Tom Hambridge

Artemis Records, 2000

REVIEW BY: Christopher Thelen


Tom Hambridge is a songwriter whose style feels like someone you know, but is a person whose name you wouldn't recognize.

That is, you wouldn't recognize him if you weren't familiar with the late Roy Buchannan, with whom Hambridge worked up until Buchannan's tragic death. You wouldn't recognize him if you hadn't discovered Susan Tedeschi and her CD Just Won't Burn. Hambridge, in fact, is the gem waiting to be discovered. With his major label solo debut (and second solo effort overall) Balderdash, the waiting may soon be over for Hambridge.my_heart_sings_the_harmony_web_ad_alt_250

Although the music on this CD is bluesy, it would be incorrect to call the CD a blues disc, or to call Hambridge a blues musician. The term "roots rock" seems to fit better, even if the semantics of the genre are still debated. The fact is, the drummer/vocalist takes all of the musical influences he's been exposed to over the years and rolls them up into one neat little package.

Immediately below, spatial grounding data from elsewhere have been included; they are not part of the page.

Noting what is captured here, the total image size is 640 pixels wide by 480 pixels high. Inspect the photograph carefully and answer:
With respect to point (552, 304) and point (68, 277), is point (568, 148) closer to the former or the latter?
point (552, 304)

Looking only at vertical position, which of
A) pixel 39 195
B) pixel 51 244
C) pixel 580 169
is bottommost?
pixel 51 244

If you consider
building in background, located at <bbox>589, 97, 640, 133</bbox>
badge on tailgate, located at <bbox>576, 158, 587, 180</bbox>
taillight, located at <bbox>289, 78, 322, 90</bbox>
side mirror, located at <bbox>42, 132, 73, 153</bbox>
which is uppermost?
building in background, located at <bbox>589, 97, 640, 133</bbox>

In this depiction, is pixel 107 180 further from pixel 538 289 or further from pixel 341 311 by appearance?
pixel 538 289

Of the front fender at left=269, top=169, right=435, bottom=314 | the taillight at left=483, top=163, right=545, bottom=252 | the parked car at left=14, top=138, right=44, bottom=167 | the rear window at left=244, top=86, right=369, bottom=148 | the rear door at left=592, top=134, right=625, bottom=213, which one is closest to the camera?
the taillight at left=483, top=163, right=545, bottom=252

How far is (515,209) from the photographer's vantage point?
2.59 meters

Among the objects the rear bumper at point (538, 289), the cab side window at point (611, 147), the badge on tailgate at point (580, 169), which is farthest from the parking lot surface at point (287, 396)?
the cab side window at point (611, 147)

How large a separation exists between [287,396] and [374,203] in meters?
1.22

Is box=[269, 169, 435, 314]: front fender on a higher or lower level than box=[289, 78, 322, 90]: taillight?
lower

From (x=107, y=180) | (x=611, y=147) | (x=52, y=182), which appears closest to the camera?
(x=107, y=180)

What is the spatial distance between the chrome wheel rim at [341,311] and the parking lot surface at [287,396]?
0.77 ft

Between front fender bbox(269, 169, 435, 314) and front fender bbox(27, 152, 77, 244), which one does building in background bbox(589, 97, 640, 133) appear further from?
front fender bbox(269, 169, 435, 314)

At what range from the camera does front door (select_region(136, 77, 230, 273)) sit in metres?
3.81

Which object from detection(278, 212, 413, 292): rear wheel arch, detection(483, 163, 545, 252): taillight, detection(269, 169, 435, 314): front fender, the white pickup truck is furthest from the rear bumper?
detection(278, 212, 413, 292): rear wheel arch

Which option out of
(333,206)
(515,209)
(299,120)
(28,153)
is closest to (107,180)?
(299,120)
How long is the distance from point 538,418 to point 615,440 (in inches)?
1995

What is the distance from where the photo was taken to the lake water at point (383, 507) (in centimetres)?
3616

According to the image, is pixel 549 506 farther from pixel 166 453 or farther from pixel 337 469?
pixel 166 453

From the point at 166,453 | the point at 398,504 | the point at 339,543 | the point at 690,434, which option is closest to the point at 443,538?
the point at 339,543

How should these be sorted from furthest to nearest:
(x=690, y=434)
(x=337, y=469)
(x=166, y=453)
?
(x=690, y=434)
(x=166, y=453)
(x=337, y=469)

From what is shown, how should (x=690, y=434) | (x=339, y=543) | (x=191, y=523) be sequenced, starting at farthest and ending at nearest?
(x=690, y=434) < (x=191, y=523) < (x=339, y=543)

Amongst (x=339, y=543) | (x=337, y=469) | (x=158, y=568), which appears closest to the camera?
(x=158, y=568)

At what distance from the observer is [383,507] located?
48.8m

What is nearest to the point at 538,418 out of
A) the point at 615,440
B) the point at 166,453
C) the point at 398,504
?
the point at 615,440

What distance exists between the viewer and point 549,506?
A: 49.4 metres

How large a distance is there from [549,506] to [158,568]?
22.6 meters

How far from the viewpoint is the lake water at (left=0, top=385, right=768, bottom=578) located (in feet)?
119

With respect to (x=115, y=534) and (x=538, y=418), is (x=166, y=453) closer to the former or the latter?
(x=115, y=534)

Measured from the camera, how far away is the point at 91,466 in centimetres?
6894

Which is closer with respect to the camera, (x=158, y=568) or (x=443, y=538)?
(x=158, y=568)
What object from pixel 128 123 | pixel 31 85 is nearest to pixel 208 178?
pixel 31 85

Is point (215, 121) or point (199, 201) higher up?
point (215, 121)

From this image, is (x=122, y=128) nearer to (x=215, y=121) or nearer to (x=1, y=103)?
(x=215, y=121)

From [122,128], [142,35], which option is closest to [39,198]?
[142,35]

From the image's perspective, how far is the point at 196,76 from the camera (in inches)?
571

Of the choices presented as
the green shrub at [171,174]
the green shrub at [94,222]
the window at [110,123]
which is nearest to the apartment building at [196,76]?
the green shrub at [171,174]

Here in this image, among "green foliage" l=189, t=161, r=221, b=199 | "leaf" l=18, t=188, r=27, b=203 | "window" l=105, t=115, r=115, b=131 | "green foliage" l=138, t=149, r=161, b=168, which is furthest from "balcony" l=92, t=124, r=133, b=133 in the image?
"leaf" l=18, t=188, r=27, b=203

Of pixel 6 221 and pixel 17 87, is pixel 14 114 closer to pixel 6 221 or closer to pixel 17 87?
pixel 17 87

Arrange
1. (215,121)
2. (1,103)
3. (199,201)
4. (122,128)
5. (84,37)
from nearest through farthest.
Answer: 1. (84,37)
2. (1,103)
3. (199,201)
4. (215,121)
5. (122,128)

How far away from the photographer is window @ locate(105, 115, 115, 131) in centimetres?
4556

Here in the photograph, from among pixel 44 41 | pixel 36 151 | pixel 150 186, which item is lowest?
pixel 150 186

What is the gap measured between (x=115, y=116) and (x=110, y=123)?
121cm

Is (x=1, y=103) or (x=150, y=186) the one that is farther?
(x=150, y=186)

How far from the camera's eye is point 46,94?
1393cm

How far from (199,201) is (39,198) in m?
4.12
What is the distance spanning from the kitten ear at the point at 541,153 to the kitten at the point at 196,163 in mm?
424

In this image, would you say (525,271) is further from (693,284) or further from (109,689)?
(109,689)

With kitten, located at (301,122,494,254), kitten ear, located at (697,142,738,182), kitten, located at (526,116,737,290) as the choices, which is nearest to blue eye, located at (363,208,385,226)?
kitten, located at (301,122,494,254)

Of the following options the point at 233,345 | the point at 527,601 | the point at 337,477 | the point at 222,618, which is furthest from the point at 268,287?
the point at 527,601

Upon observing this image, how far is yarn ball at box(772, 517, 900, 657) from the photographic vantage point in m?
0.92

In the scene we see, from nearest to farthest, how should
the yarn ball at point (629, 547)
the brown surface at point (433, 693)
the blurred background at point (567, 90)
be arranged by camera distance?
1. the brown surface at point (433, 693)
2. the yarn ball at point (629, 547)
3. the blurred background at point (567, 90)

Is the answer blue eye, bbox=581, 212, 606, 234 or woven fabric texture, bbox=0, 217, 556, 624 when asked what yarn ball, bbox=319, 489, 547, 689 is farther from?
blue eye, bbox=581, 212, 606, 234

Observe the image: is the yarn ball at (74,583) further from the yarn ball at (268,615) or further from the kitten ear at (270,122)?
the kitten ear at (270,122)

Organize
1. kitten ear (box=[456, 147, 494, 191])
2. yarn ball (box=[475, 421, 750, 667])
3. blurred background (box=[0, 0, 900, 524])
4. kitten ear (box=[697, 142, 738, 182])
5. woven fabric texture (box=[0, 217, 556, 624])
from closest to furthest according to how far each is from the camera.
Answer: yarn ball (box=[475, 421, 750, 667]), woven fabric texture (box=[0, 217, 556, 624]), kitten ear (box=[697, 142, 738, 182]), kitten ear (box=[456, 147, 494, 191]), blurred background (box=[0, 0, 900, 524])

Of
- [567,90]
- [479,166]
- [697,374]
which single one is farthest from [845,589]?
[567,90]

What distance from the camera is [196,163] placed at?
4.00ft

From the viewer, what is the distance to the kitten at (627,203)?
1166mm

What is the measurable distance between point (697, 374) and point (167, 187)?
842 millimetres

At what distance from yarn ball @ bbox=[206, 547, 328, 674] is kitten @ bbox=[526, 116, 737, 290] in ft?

The end result, admittedly, does take a little time to get used to. Tracks like "Gillian" and "Strong Enough" are decent, but they don't seem like they can go the extra mile to bring the listener into Hambridge's camp. "Opposites Attract," the first of two duets with Tedeschi, fizzles, most likely because the same concept was done over a decade ago by Paula Abdul. If you remember Abdul's brief career in the spotlight, don't be surprised if you listen to Hambridge's composition and find yourself wondering if the two tracks are the same. (Save yourself the time; they aren't.)

Despite the slow start to Balderdash, Hambridge quickly redeems himself, and spends the rest of the CD erasing any doubts the listener may have had. "Boneyard" is a bluesy rocker that has just the right mixture of city grit and southern twang to make it a possible hit. Other tracks, such as "Gas," "Rachel Fay," "Big & Empty" and "Highway" shine in a similar light, proving to the listener that Hambridge is one of the best-kept secrets from the Boston area. Hambridge even pays tribute to the often-assumed-to-be-dead form of music media known as the record, with the song "12 Inches".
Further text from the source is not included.